Yes. The ADU permit from the Planning Division is separate from the building permit. Both are required for a basement ADU. Note: the 2nd Kitchen Agreement does not apply here. That agreement is for homeowners adding a second kitchen who are NOT renting. If you're renting (which is what the ADU permit is for), the ADU permit replaces the 2nd Kitchen Agreement. The two are mutually exclusive.
Is my Saratoga Springs property in an IADU-allowed zone?
Check the city's published IADU map (linked from saratogasprings-ut.gov). The three classifications are IADU Allowed, IADU Potential, and IADU Prohibited. Property in the Prohibited zone cannot have an internal ADU.
Internal ADU vs detached ADU — which is allowed in my area?

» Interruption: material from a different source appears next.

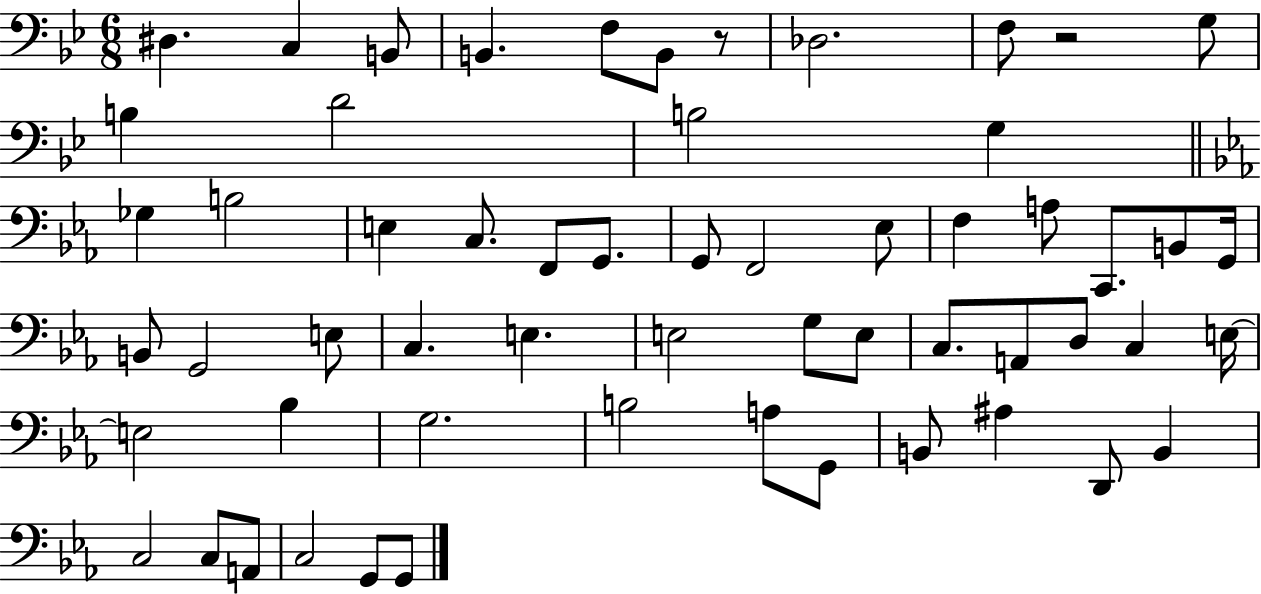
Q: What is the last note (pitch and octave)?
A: G2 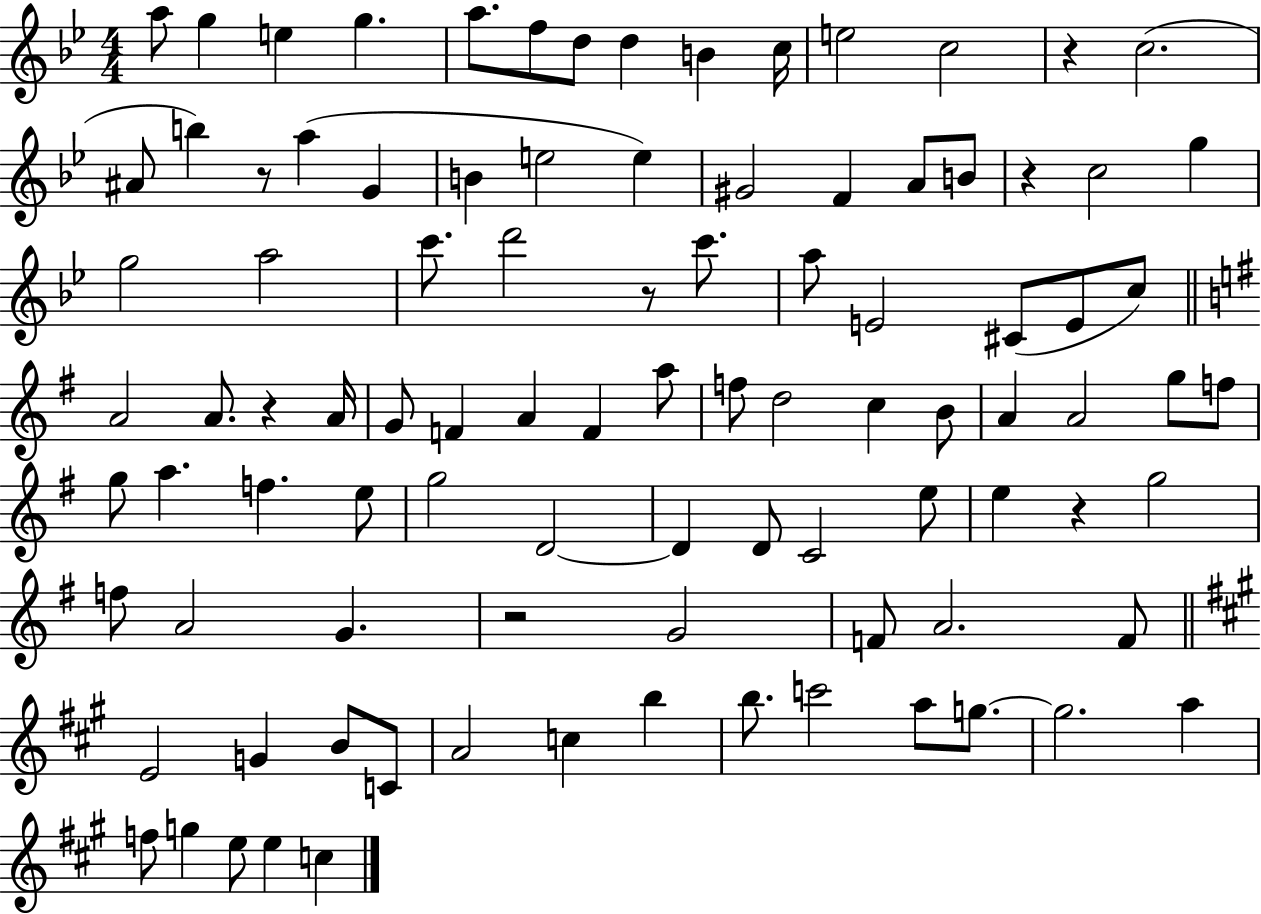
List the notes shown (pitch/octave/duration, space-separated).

A5/e G5/q E5/q G5/q. A5/e. F5/e D5/e D5/q B4/q C5/s E5/h C5/h R/q C5/h. A#4/e B5/q R/e A5/q G4/q B4/q E5/h E5/q G#4/h F4/q A4/e B4/e R/q C5/h G5/q G5/h A5/h C6/e. D6/h R/e C6/e. A5/e E4/h C#4/e E4/e C5/e A4/h A4/e. R/q A4/s G4/e F4/q A4/q F4/q A5/e F5/e D5/h C5/q B4/e A4/q A4/h G5/e F5/e G5/e A5/q. F5/q. E5/e G5/h D4/h D4/q D4/e C4/h E5/e E5/q R/q G5/h F5/e A4/h G4/q. R/h G4/h F4/e A4/h. F4/e E4/h G4/q B4/e C4/e A4/h C5/q B5/q B5/e. C6/h A5/e G5/e. G5/h. A5/q F5/e G5/q E5/e E5/q C5/q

Eagle Mountain allows both internal (basement) and detached ADUs with separate rule sets. Saratoga Springs allows only internal ADUs. Detached units are prohibited citywide.
Do I have to live in my house to rent out a basement apartment in Utah?
Yes. State law (Utah Code §10-21-303) requires internal ADUs to be in owner-occupied detached single-family homes. You can't rent out both the upstairs and the basement to separate tenants.
Long-term rental vs short-term Airbnb for a basement apartment in Utah?
The IADU statute is written for long-term rental. Short-term rentals are governed by separate city ordinances, lodging tax requirements, and HOA restrictions. Most basement ADUs in Eagle Mountain and Saratoga Springs are long-term. Short-term operation is subject to additional licensing and may be prohibited.
How long does the ADU permit add to the project timeline?
The planning approval runs in parallel with the building permit. The practical impact on the project schedule is usually 1 to 3 weeks of additional pre-construction time. Construction itself takes 12 to 16 weeks for an ADU-grade finish versus 8 to 10 for a standard basement.